BRIEF | Below are the entries. Print only the lines starting at the one with "Foto: fern leaf" and ending at the one with "Female Betta Lrg- Random", exactly, with no pictures.

DATA FOR THIS EXERCISE |
☆ ☆ ☆ ☆ ☆ ☆ ☆
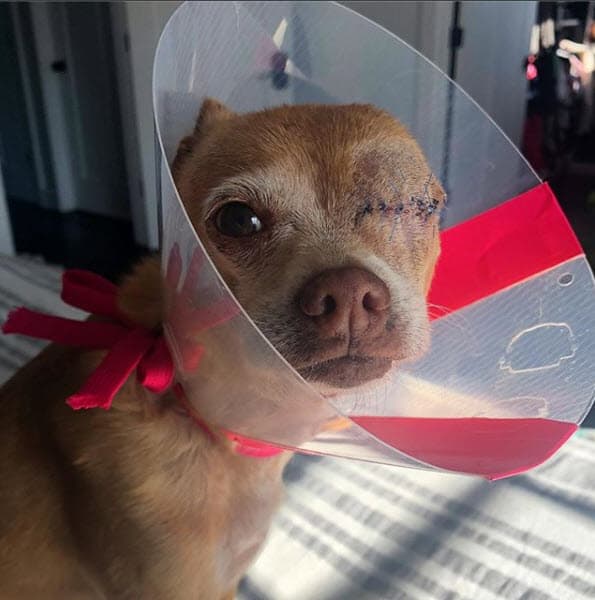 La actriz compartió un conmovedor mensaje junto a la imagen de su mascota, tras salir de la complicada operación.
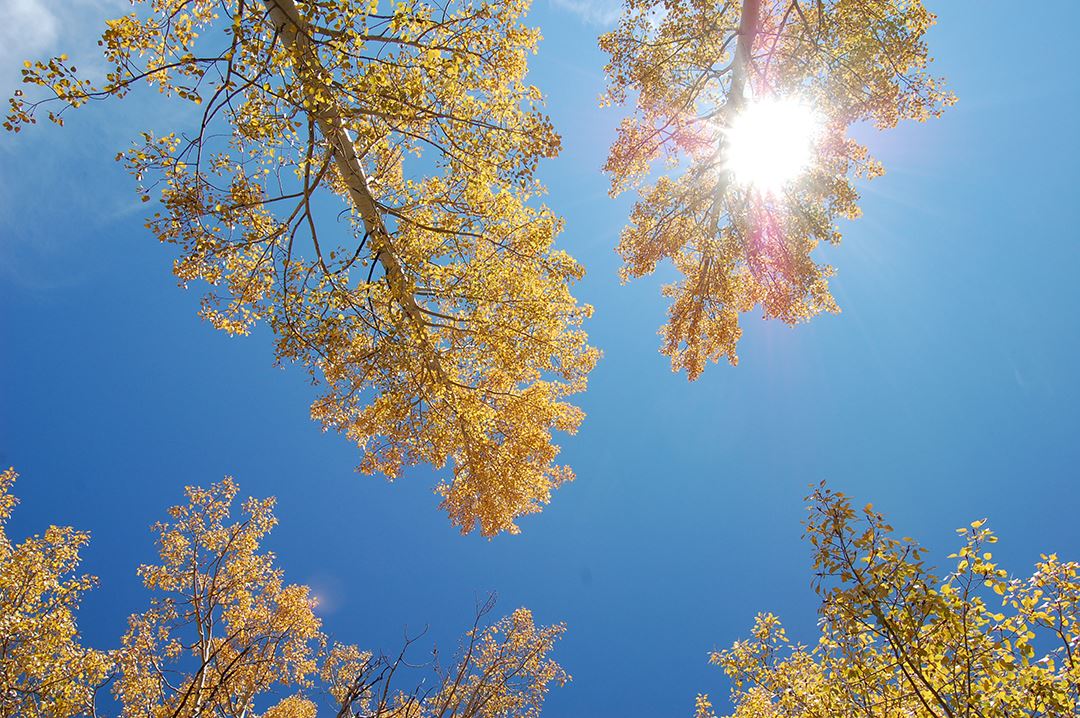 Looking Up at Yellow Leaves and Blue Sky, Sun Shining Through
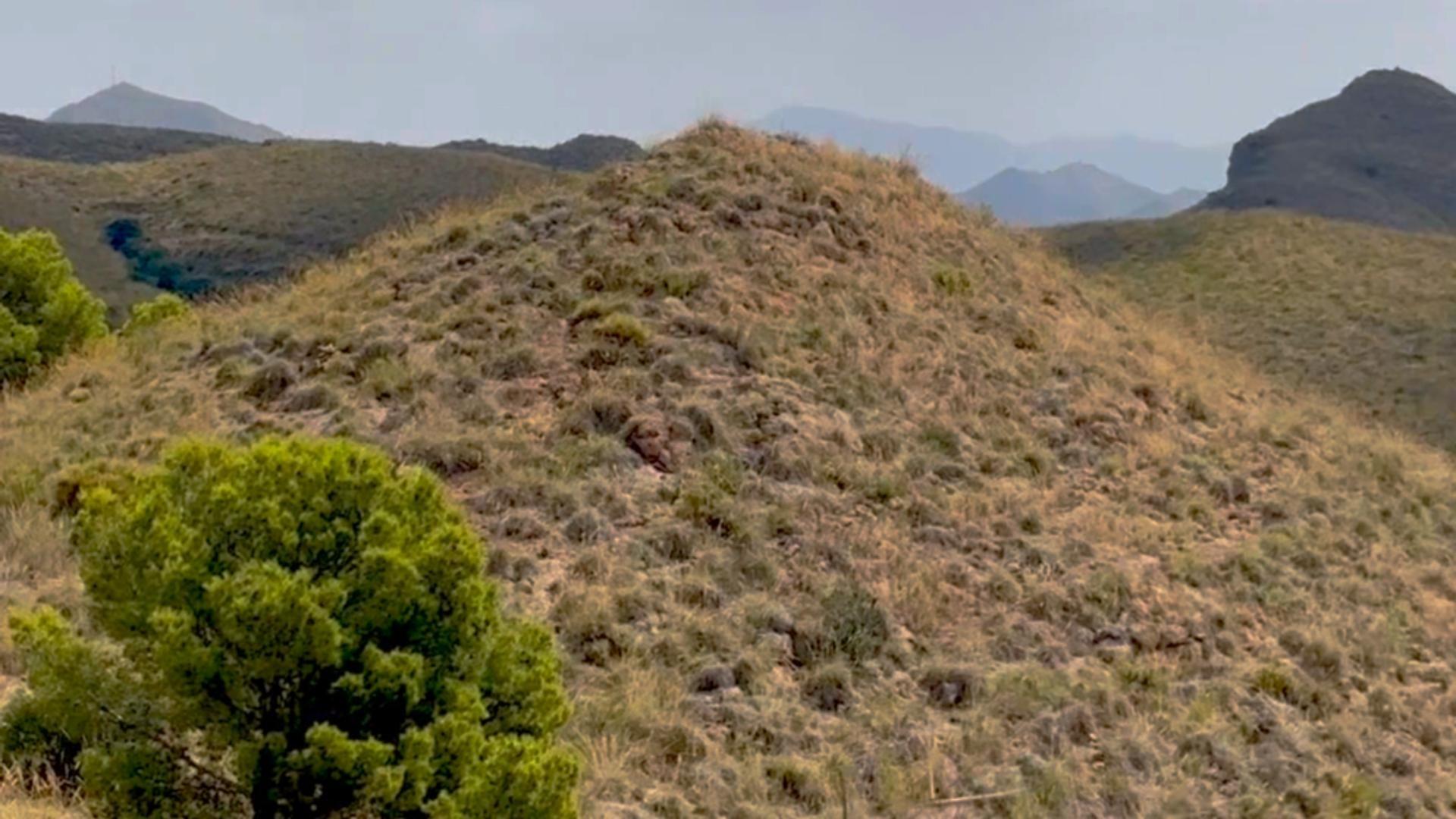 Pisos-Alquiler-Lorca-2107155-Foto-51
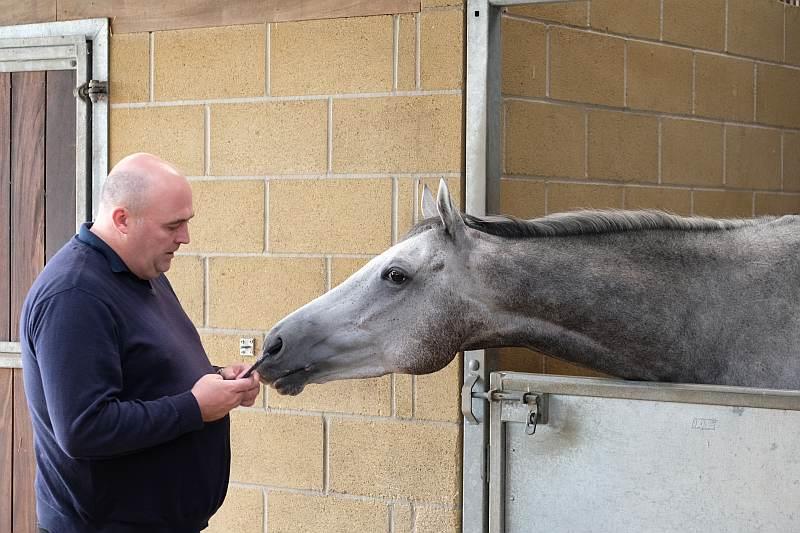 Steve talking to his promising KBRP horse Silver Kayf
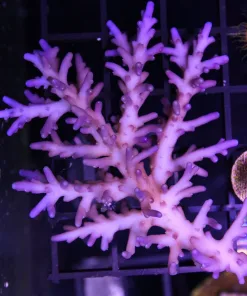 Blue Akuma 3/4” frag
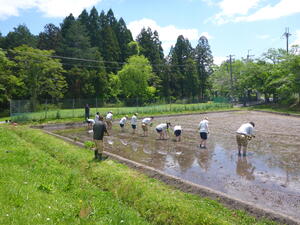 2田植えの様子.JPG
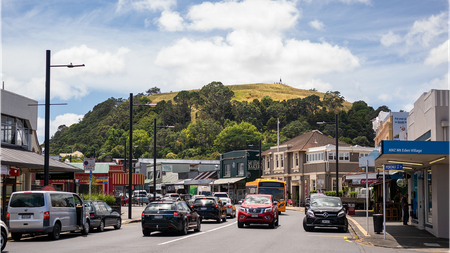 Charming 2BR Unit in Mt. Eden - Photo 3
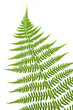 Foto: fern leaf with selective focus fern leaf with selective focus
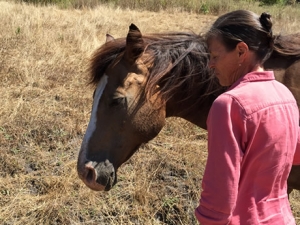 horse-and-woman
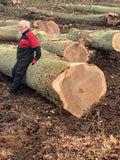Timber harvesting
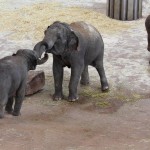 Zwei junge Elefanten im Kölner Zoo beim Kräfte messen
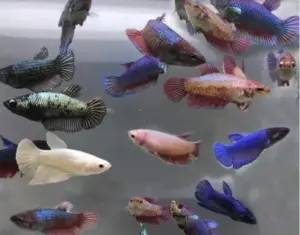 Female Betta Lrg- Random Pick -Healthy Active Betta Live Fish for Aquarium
☆ ☆ ☆ ☆ ☆ ☆ ☆
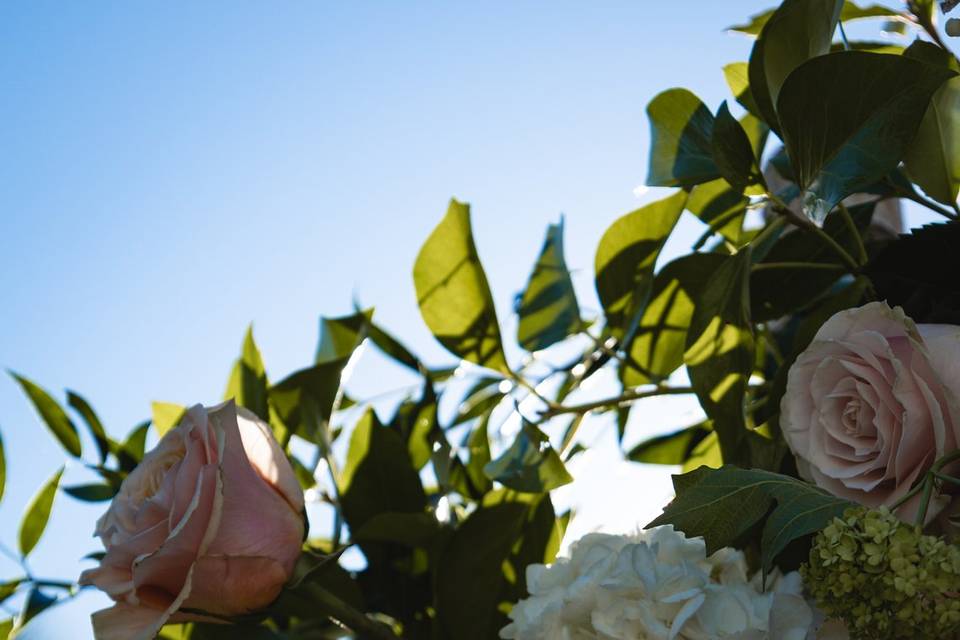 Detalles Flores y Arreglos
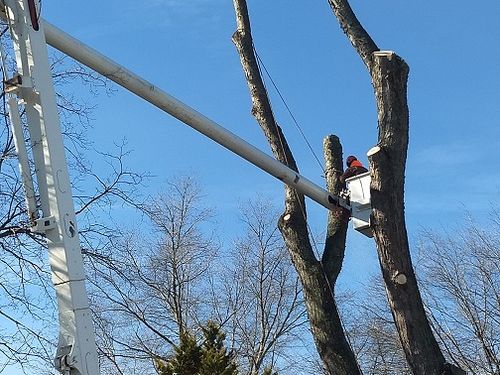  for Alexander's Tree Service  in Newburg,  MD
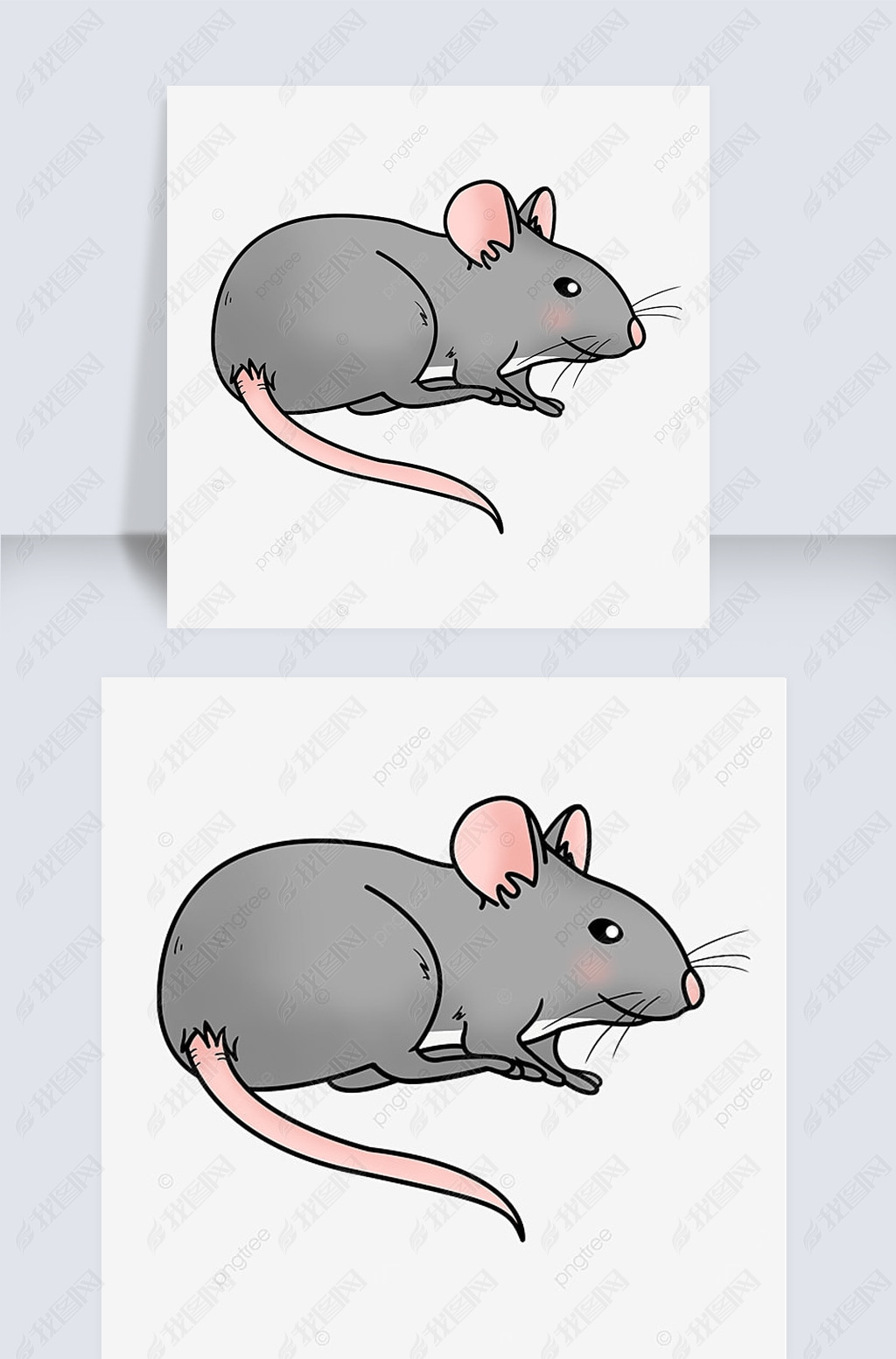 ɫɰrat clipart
☆ ☆ ☆ ☆ ☆ ☆ ☆
ANSWER FOR THIS EXERCISE |
 Foto: fern leaf with selective focus fern leaf with selective focus
 horse-and-woman
Timber harvesting
 Zwei junge Elefanten im Kölner Zoo beim Kräfte messen
 Female Betta Lrg- Random Pick -Healthy Active Betta Live Fish for Aquarium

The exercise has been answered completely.